**** DATA FOR PROCESSING ****
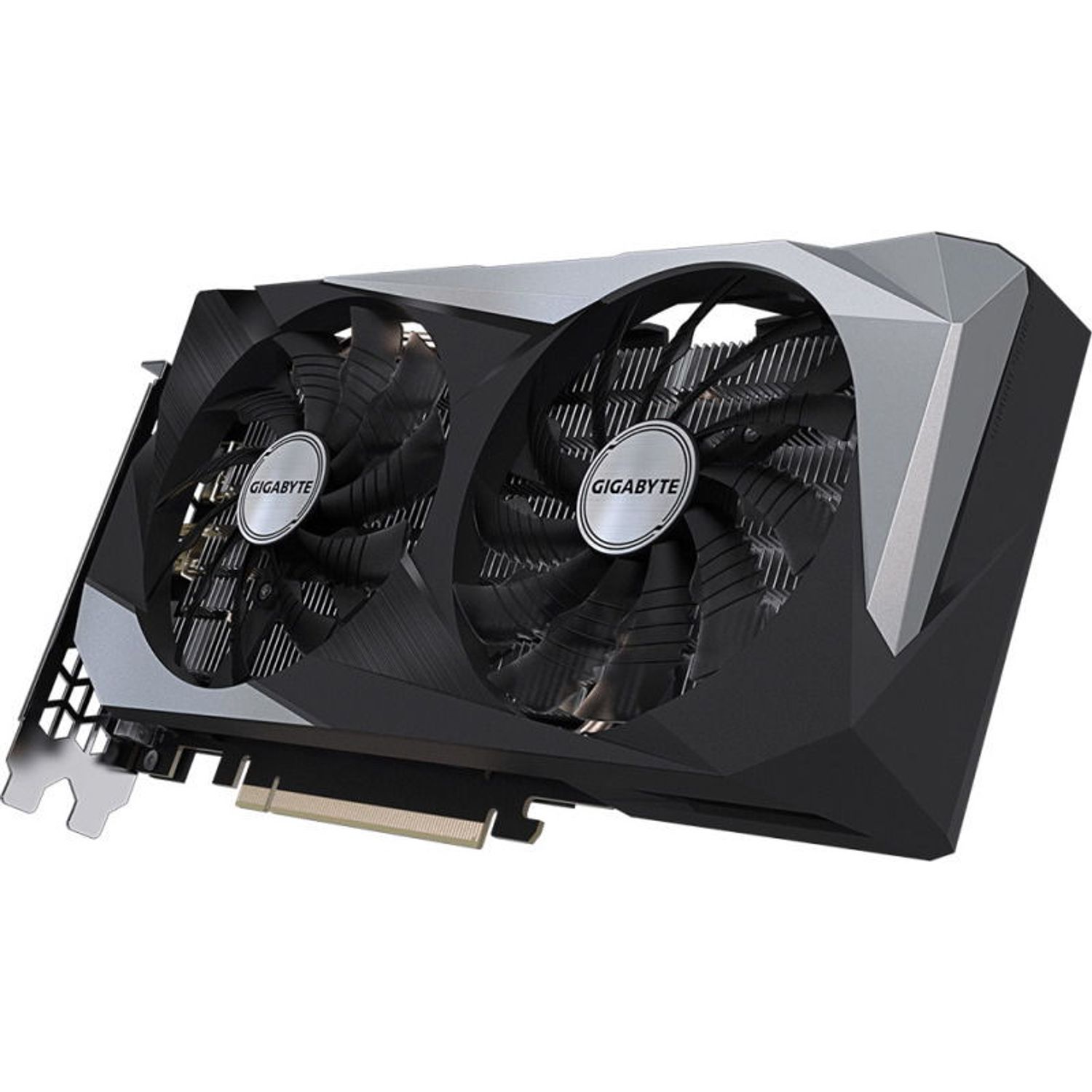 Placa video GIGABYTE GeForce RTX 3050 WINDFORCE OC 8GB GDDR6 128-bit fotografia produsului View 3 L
****
**** DATA FOR PROCESSING ****
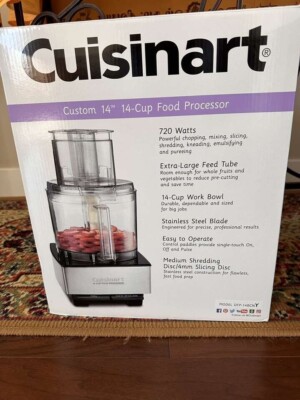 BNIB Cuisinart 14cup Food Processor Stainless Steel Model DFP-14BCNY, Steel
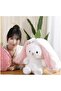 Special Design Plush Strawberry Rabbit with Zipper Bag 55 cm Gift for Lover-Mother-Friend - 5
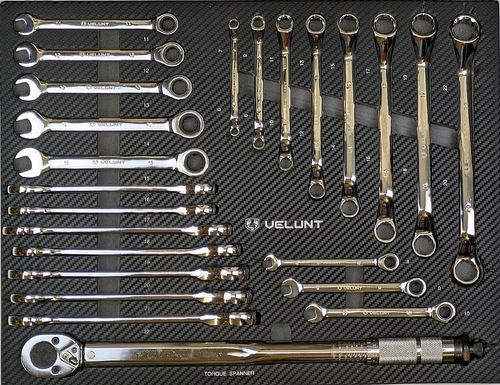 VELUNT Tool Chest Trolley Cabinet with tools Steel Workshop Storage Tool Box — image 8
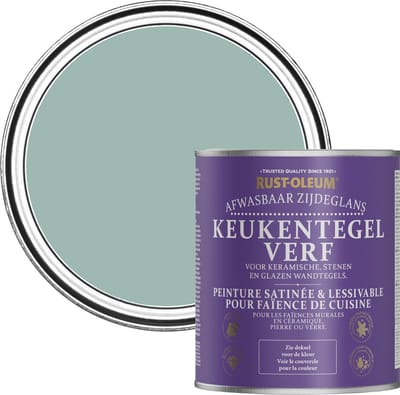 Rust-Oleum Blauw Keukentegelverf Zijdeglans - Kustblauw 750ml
****
**** DATA FOR PROCESSING ****
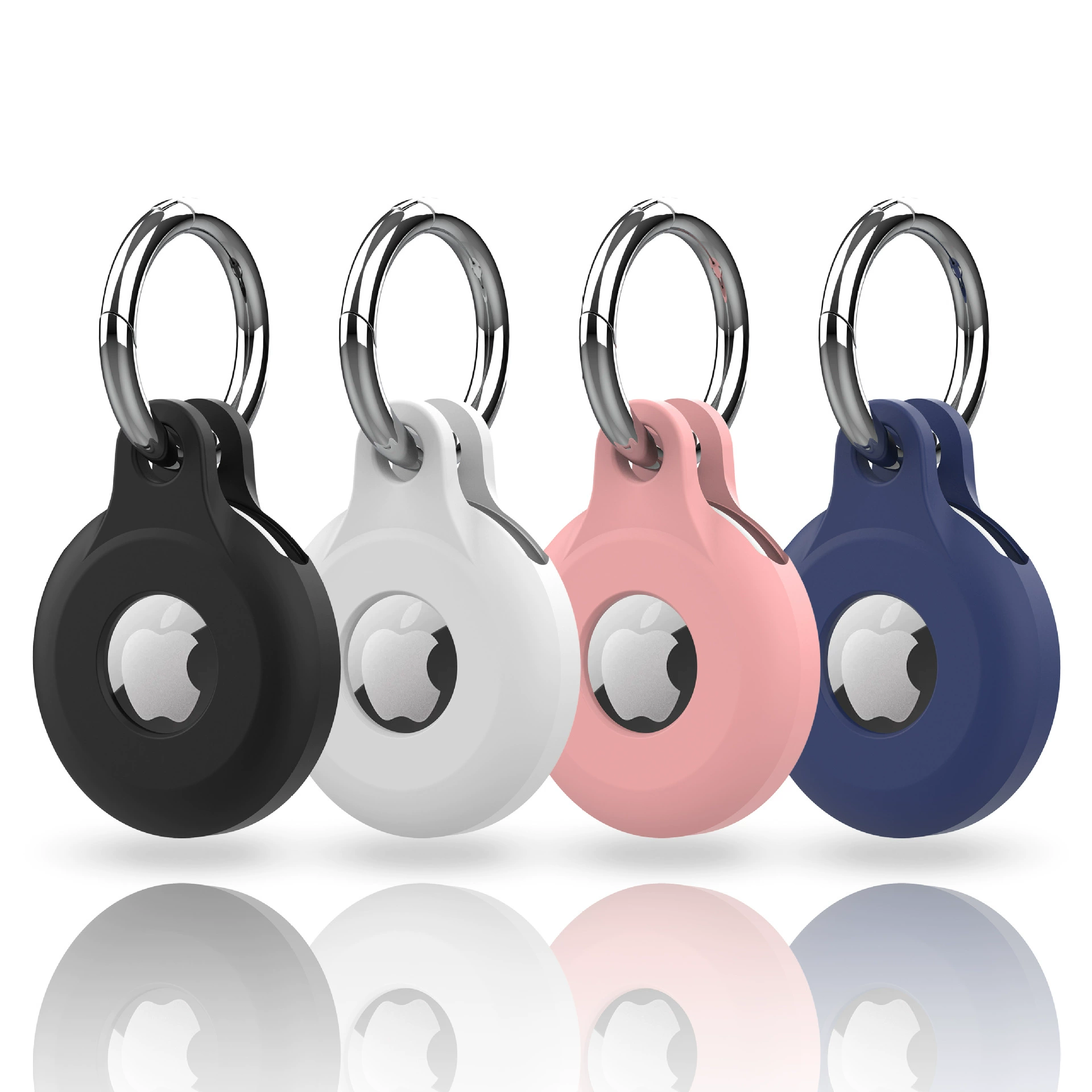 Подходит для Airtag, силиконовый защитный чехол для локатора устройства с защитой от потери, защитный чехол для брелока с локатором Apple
****
Copy only these lines from the records above, exactly: the one with "VELUNT Tool Chest", the one with "Rust-Oleum Blauw Keukentegelverf", and those between. Skip the pictures.

 VELUNT Tool Chest Trolley Cabinet with tools Steel Workshop Storage Tool Box — image 8
 Rust-Oleum Blauw Keukentegelverf Zijdeglans - Kustblauw 750ml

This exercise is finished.